Shrine in Snow
- Date:
- Edo period, c. 1820
- Medium:
- Woodblock print (surimono); ink and color on paper
- Source:
- Museum of Fine Arts, Boston
Description
This Edo-period [surimono](/glossary/surimono) by Katsushika Hokuga, dated to around 1820 and held by the Museum of Fine Arts, Boston (system collection identifier sc223673, MFA collection record 213261), depicts a Shinto shrine compound under a covering of snow. The winter-landscape surimono category was a familiar subject within the small-edition private-print tradition, with the technical possibilities of the format — blind printing ([karazuri](/glossary/karazuri)) for embossed snow effects, restrained color in the architectural and natural forms, and dense kyōka inscriptions occupying the upper register — particularly suited to the visual treatment of snow-covered scenes.

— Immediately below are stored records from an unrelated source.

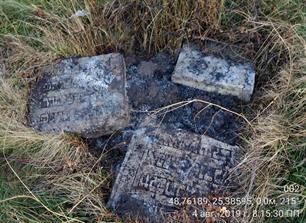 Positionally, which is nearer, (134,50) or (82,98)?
(82,98)

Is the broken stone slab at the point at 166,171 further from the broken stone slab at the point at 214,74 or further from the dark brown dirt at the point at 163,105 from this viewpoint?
the broken stone slab at the point at 214,74

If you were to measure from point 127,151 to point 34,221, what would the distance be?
0.59m

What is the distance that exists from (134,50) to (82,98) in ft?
1.58

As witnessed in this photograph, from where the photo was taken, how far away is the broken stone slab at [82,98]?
238 cm

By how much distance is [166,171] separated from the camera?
217 cm

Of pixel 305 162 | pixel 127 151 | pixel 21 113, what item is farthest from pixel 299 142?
pixel 21 113

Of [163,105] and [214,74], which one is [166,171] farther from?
[214,74]

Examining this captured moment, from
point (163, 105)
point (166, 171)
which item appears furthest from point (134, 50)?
point (166, 171)

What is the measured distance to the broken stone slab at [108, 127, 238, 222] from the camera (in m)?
2.09

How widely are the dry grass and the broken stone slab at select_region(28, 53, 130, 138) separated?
0.08 meters

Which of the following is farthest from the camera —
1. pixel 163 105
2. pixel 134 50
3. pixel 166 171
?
pixel 134 50

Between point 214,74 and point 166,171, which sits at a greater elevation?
point 214,74

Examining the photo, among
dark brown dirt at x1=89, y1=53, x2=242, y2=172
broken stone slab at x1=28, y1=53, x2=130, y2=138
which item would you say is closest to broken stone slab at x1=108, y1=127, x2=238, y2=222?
dark brown dirt at x1=89, y1=53, x2=242, y2=172

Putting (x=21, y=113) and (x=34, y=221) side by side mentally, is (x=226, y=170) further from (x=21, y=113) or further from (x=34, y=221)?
(x=21, y=113) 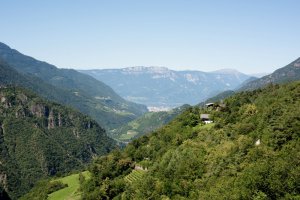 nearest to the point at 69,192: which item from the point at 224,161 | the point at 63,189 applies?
the point at 63,189

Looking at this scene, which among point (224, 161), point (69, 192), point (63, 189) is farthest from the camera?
point (63, 189)

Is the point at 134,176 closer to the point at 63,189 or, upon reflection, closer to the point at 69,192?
the point at 69,192

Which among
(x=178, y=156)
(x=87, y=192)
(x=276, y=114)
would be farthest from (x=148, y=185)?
(x=87, y=192)

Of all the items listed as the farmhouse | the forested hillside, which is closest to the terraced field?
the forested hillside

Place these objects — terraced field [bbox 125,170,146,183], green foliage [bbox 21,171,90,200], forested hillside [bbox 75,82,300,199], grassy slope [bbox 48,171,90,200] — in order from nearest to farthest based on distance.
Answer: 1. forested hillside [bbox 75,82,300,199]
2. terraced field [bbox 125,170,146,183]
3. grassy slope [bbox 48,171,90,200]
4. green foliage [bbox 21,171,90,200]

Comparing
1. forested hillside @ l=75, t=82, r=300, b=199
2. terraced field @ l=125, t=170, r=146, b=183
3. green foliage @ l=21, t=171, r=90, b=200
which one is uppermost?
forested hillside @ l=75, t=82, r=300, b=199

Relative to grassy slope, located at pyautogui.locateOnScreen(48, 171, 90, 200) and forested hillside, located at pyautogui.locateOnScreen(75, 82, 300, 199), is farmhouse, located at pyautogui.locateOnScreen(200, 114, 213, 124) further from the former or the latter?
grassy slope, located at pyautogui.locateOnScreen(48, 171, 90, 200)

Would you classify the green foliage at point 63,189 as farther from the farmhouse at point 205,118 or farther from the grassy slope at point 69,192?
the farmhouse at point 205,118

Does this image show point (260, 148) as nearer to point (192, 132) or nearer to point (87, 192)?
point (192, 132) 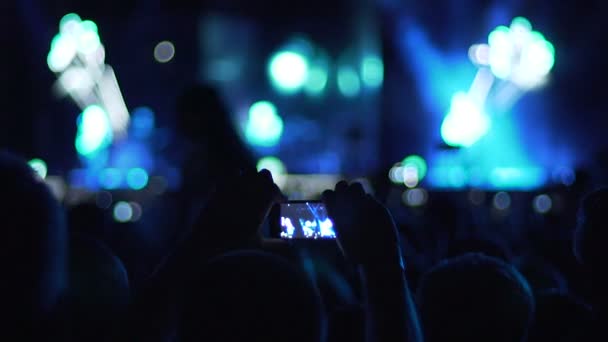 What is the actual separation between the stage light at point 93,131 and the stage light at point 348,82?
6326 millimetres

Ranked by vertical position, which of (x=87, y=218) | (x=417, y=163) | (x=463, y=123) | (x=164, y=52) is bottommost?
(x=417, y=163)

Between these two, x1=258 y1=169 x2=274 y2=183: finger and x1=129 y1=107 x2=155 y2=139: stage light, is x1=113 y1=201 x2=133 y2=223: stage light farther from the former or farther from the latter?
x1=258 y1=169 x2=274 y2=183: finger

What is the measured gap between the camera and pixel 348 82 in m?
17.4

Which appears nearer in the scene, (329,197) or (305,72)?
(329,197)

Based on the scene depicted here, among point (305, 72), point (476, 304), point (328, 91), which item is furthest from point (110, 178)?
point (476, 304)

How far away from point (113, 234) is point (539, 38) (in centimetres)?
1112

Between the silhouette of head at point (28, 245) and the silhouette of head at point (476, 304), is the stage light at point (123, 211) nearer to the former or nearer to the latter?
the silhouette of head at point (476, 304)

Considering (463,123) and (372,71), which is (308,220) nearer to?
(463,123)

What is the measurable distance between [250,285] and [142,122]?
14559mm

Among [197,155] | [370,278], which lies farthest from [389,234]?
[197,155]

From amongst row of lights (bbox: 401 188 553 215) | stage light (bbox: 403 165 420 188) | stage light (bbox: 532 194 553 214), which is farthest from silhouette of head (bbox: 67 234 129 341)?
A: stage light (bbox: 403 165 420 188)

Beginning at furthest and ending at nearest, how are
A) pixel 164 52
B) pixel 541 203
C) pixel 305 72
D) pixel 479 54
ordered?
pixel 305 72 < pixel 164 52 < pixel 479 54 < pixel 541 203

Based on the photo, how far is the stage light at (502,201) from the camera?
42.8 feet

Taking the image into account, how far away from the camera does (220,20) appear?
16688mm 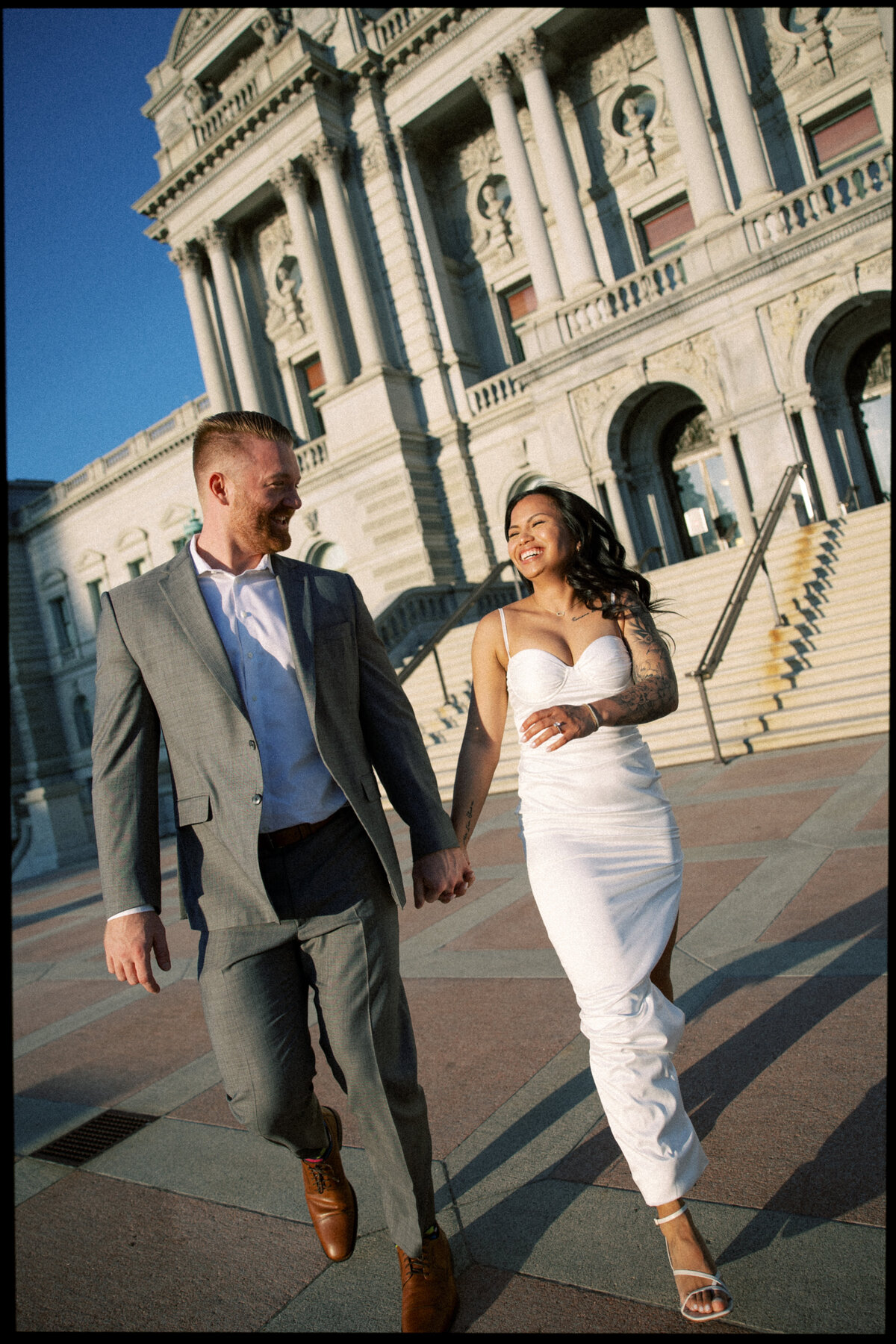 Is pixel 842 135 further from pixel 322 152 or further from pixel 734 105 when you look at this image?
pixel 322 152

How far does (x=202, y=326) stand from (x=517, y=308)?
31.1ft

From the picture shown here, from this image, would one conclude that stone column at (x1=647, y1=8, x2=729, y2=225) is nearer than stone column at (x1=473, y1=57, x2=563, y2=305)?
Yes

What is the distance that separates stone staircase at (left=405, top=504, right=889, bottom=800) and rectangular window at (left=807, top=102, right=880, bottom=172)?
10.1 meters

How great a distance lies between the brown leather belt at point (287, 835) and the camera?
2.45 m

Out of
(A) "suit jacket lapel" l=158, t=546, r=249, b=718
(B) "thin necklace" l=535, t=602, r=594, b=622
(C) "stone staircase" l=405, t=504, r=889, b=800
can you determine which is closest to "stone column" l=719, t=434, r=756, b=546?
(C) "stone staircase" l=405, t=504, r=889, b=800

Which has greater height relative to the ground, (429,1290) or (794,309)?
(794,309)

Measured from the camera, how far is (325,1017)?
8.05ft

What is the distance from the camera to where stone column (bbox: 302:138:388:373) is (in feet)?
73.3

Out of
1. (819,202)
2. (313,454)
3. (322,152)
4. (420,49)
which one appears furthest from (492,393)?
(420,49)

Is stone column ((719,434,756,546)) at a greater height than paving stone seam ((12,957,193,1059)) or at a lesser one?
greater

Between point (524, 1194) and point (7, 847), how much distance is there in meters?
2.29

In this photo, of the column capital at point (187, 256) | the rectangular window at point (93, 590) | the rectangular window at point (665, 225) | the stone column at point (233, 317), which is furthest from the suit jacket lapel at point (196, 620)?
the rectangular window at point (93, 590)

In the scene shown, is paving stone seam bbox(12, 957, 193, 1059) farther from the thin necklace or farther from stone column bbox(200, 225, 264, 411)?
stone column bbox(200, 225, 264, 411)

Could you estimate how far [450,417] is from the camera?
22.1 m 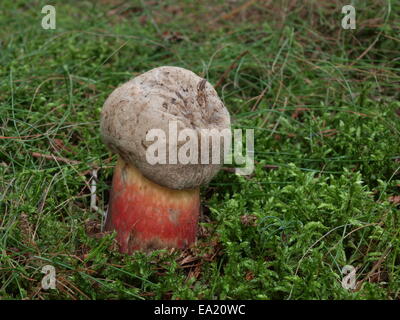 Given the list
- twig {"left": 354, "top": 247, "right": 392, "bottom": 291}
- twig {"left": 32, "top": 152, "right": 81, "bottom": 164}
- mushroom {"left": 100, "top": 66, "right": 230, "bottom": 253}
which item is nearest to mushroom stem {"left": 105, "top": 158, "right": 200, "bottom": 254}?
mushroom {"left": 100, "top": 66, "right": 230, "bottom": 253}

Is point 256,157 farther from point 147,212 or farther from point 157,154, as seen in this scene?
point 157,154

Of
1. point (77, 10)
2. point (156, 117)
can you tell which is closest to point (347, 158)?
point (156, 117)

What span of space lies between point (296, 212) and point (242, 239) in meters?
0.28

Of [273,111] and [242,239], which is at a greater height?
[273,111]

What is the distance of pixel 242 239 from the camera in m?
2.17

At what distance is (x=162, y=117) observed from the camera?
178 centimetres

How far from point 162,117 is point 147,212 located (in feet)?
1.38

The shrine-in-snow subject drew on a long Japanese pictorial tradition in which the silence and visual reduction of winter snowfall provided a contemplative backdrop for poetic inscription, and Hokuga's design follows the convention by integrating the inscribed kyōka verses into the upper field of the composition while reserving the lower portion for the architectural and landscape elements. The print is preserved as a woodblock print (surimono) in ink and color on paper at the MFA Boston, and belongs to the broader Bunsei-period surimono holding that the museum acquired through the Charles J. Morse and related early-twentieth-century gifts. The atmospheric treatment of the snow-covered shrine exemplifies Hokuga's mature surimono style of the late 1810s and early 1820s, in which the integration of landscape, architecture, and inscribed poetry achieved the refined balance that distinguished the format from contemporary commercial landscape [ukiyo-e](/glossary/ukiyo-e).